What Being on the Frontlines of Fighting for Gender Equality in Iraq Is Like During COVID-19
"Before the lockdown, the lessons were the only time of day many of the women left the house."
On a normal day, Shan Sherwan Hussein can be found delivering essential classes to women who have been internally-displaced from their homes in Iraq, or who are refugees as a result of the conflict in neighboring Syria.
She works for the NGO Women for Women International and her focus is on empowering women, both socially and economically, by providing numeracy and business classes, and start-up advice to those setting up their own businesses, among other programs.
But her work as women’s economic empowerment manager has, like many jobs, been transformed by the COVID-19 coronavirus pandemic. She tells Global Citizen what it’s like to be on the frontlines during this crisis and how it has affected the women she works with.
“I work in the Kurdistan region of Iraq where about 250,000 Syrian refugees live, along with about 1.5 million Iraqi people who have been displaced due to conflict,” Hussein explains, adding that together these groups make up 25% of the population of the region.
To help pave the way for women in this situation to economically empower themselves — and in turn to help alleviate poverty experienced by their families — the NGO builds skills and knowledge in four main areas, Hussein says. These are: earning and saving, health and wellbeing, rights and decision-making, and social networks.
“The women in this situation are particularly marginalized and have few opportunities to earn an income,” Hussein adds. “This is because of their displaced status, their lack of formal education, and restrictive gender stereotypes, along with having to juggle childcare and domestic chores.”
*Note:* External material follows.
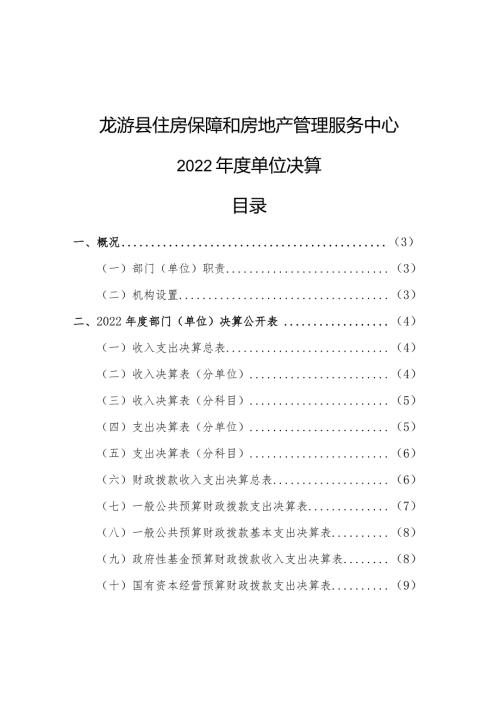 龙游县住房保障和房地产管理服务中心2022单位决算目录.docx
But as the coronavirus pandemic spread around the world, the local government in Iraq had to announce on March 8 the closure of all colleges, schools, and informal training centers.
Since then, Hussein and her colleagues’ lessons have abruptly stopped. “We had a full lockdown and traffic was suspended in the big cities of Erbil and in Sulaimani,” she says. “Our team has had to move to calling the participants on the program to check they are okay, rather than gathering in person.”
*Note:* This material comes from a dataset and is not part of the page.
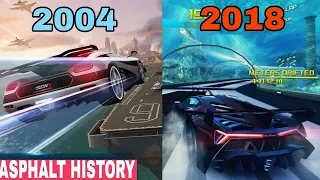 Asphalt History 2004-2018 | Evolution of asphalt 2004-2018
“I’ve spoken to several women who were attending who are now very worried and anxious,” she adds. “They hope it ends soon.”
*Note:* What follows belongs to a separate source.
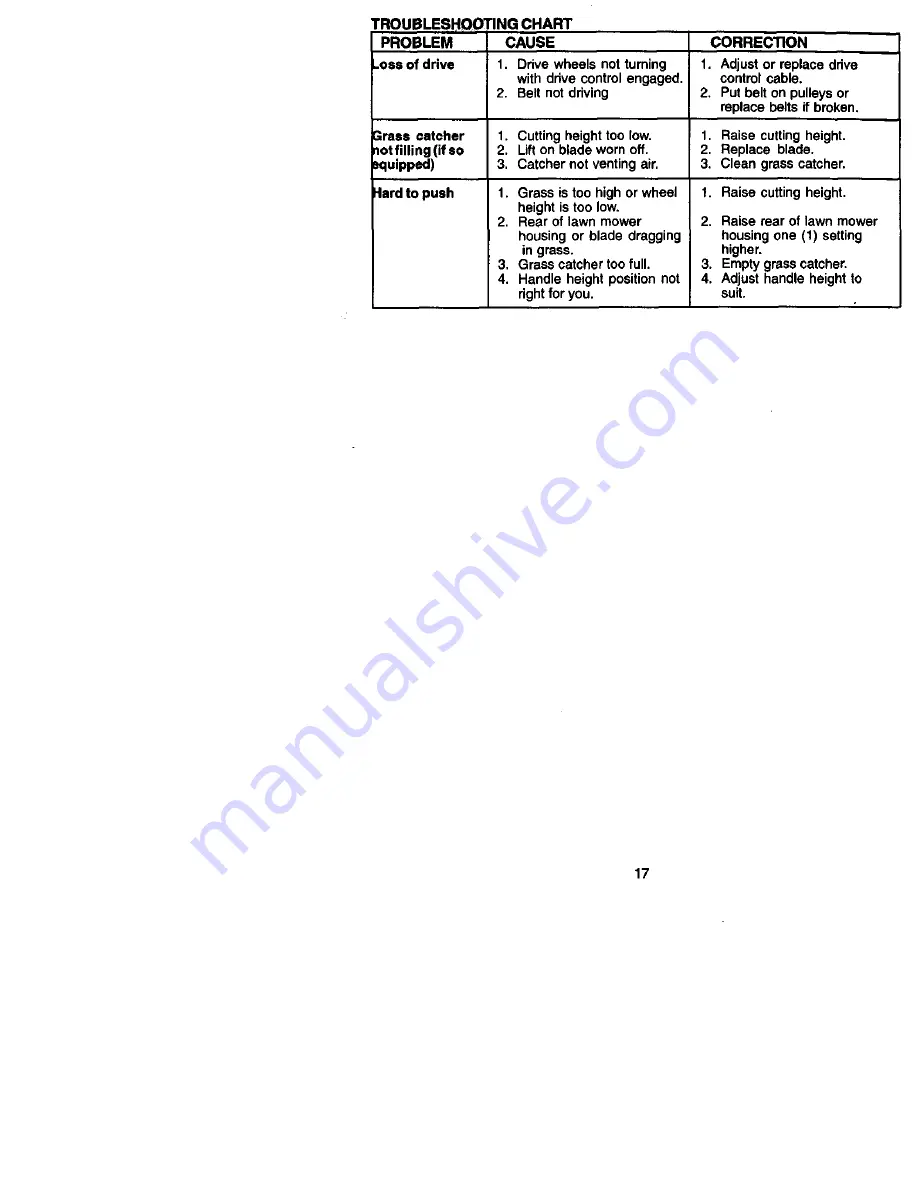 Craftsman 917.378070 Owner'S Manual Download Page 17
Mostly, Hussein explains, the women are worried about the economic impact of the curfew and how it will affect their ability to provide food for their family.
Shan Sherwan Hussein (centre) with two of the women she teaches. Photo: Women for Women International
It has brought the precarious financial situation the women are in into sharper relief, especially the reliance on one household earner. “They were already in a fragile economic situation when this happened, with little savings and high unemployment,” says Hussein. “Many are reliant on a single male breadwinner.”
“One woman told me they have no income now that her husband, a day labourer, cannot go out to work,” she continues. “Another woman said that her husband is a taxi driver so his earnings have halted while traffic is suspended. They are both worried about food.”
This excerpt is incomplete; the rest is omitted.